History of St. Patrick
Most people know St. Patrick’s Day as a day to drink Guinness, wear green, and celebrate all things Irish. But few know the true story of the patron saint of Ireland.
St. Patrick was born Maewyn Succat around 385 in Kilpatrick, Scotland. At the age of 14 he was captured during a raid of his hometown and taken to Ireland to work as a slave, herding sheep. At the time he was captured Ireland was inhabited predominantly by Druids and pagans. Maewyn learned the language of the Irish and their lifestyle.
During Maewyn’s servitude in Ireland he never forgot about God and prayed to him every single day.

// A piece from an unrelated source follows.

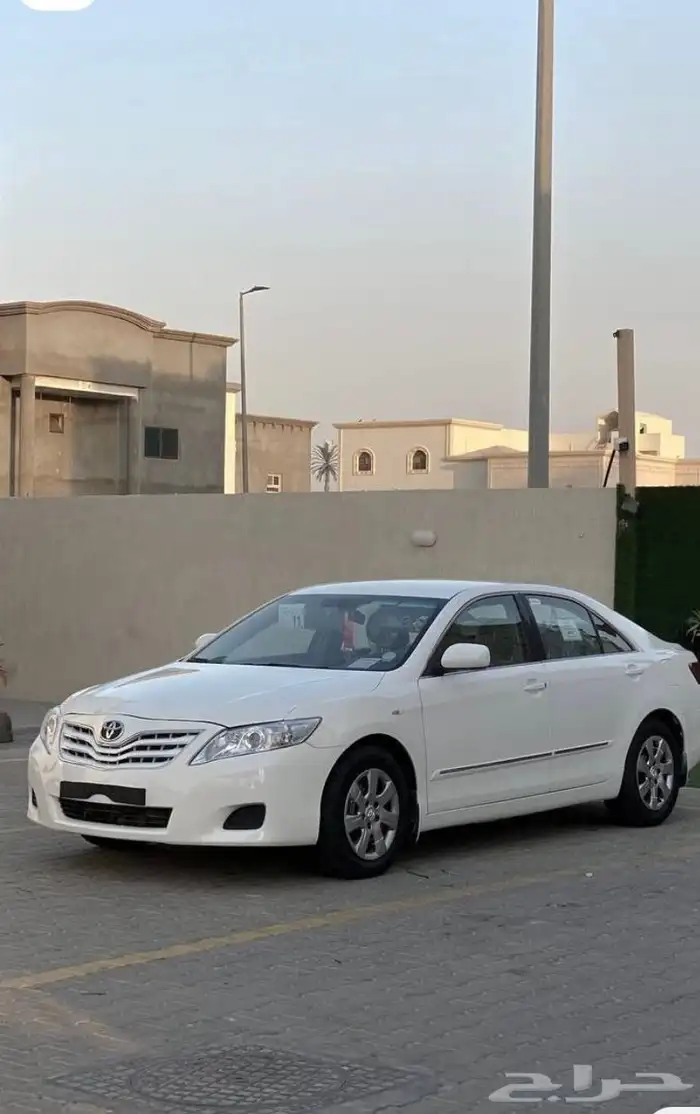 توصيل مشاوير داخل تنومه وخارجها وجميع انحاء المملكه 1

It is said that he would sometimes pray over 100 times a day.
Six years after he had been captured, God came to Maewyn in a dream and told him to leave Ireland by going to the coast. Maewyn did as God instructed and boarded a ship back to Britain where he was reunited with his family.

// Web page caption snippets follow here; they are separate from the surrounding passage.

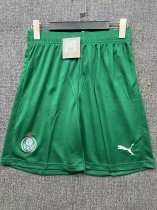 25/26 Palmeiras  Away Fans Shorts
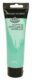 Royal & Langnickel Akrylová barva 120ml AQUA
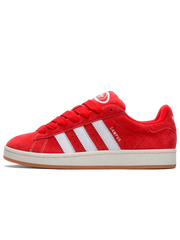 adidas Originals Campus 00s Red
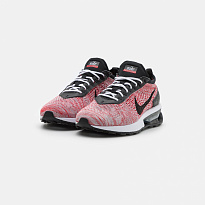 Фото № 2 с приближением к товару «‎Nike Air Max Flyknit Racer NN »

Once home, Maewyn had another dream in which the people of Ireland were asking him to come back and teach them about God. So Maewyn began studying to become a priest and was ordained by St. Germanus.
By the time he was ordained bishop, Maewyn had taken the name Patrick, and was sent to Ireland to bring the word of God to the Irish people.
Patrick preached for 40 years and converted all of Ireland. He worked many miracles and wrote of his love for God in “Confessions.” After years of living in poverty, traveling, and enduring much suffering he died March 17, 461.
Patrick died at Saul, where he had built the first church.